::: SUPPLIED INFORMATION :::
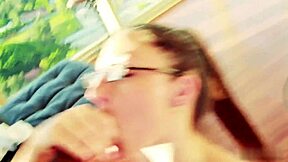Nerdy Obsession with Melanie's Big Black Dick Desires and Curvy Body in Interracial Action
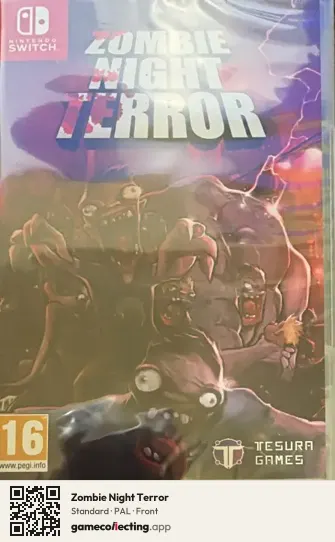 Zombie Night Terror Nintendo Switch, PAL box front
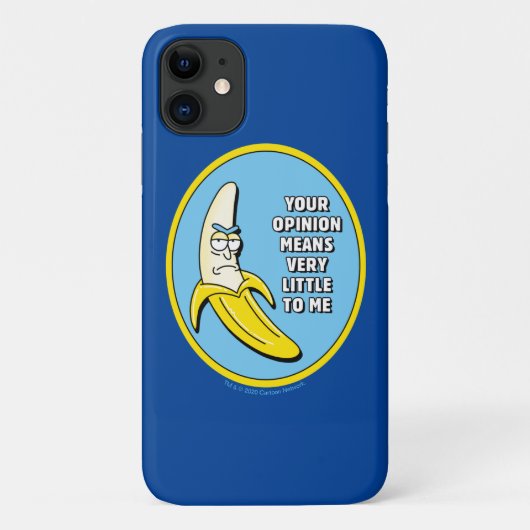 RICKとMORTY™|バナナ·リック·バッジ Case-Mate iPhoneケース (裏面)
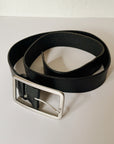 Black 90s Leather Belt - Hey Jude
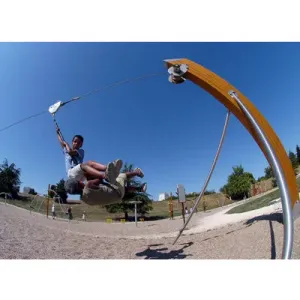 Zjazd linowany montowany na terenie płaskim J511 | pliki cad, dwg, 3d dwg | EDUCARIUM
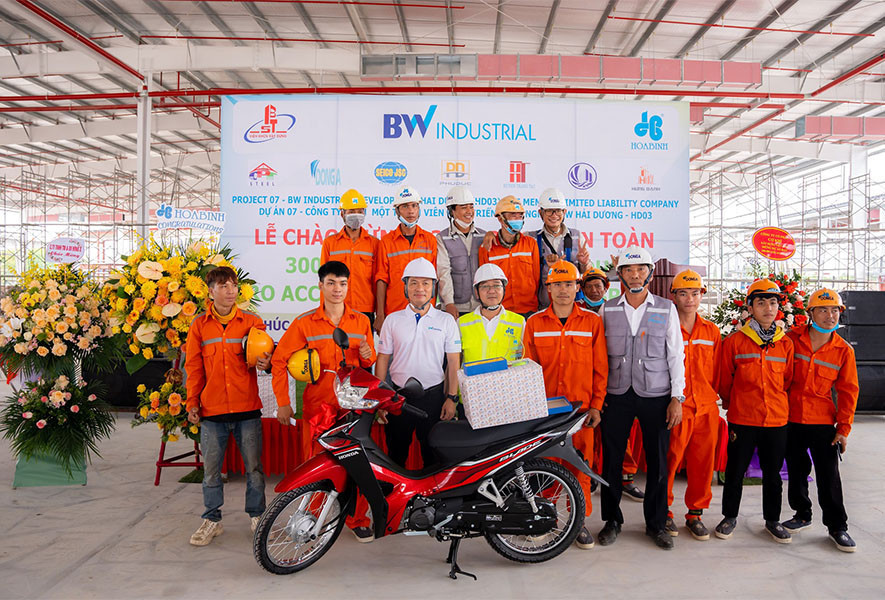Continuing on further success, Hoa Binh’s BW Hai Duong project reaches 300,000 safe hours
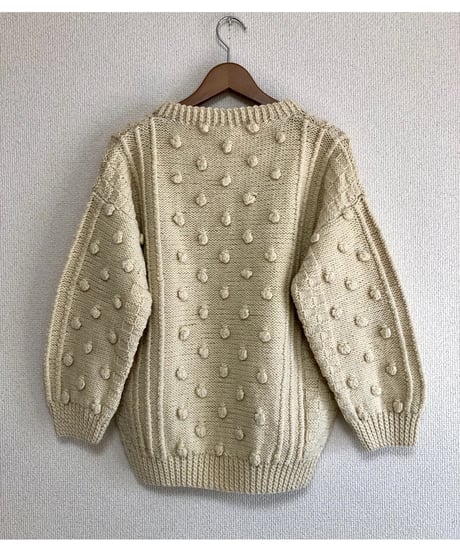 ireland hand knit shamrock motif sweater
:::
WHAT IS REQUIRED: Your reply should consist of the data, transcribed exactly, and should hold no pictures.

EXERCISE ANSWER:
Nerdy Obsession with Melanie's Big Black Dick Desires and Curvy Body in Interracial Action
 Zombie Night Terror Nintendo Switch, PAL box front
 RICKとMORTY™|バナナ·リック·バッジ Case-Mate iPhoneケース (裏面)
 Black 90s Leather Belt - Hey Jude
 Zjazd linowany montowany na terenie płaskim J511 | pliki cad, dwg, 3d dwg | EDUCARIUM
Continuing on further success, Hoa Binh’s BW Hai Duong project reaches 300,000 safe hours
 ireland hand knit shamrock motif sweater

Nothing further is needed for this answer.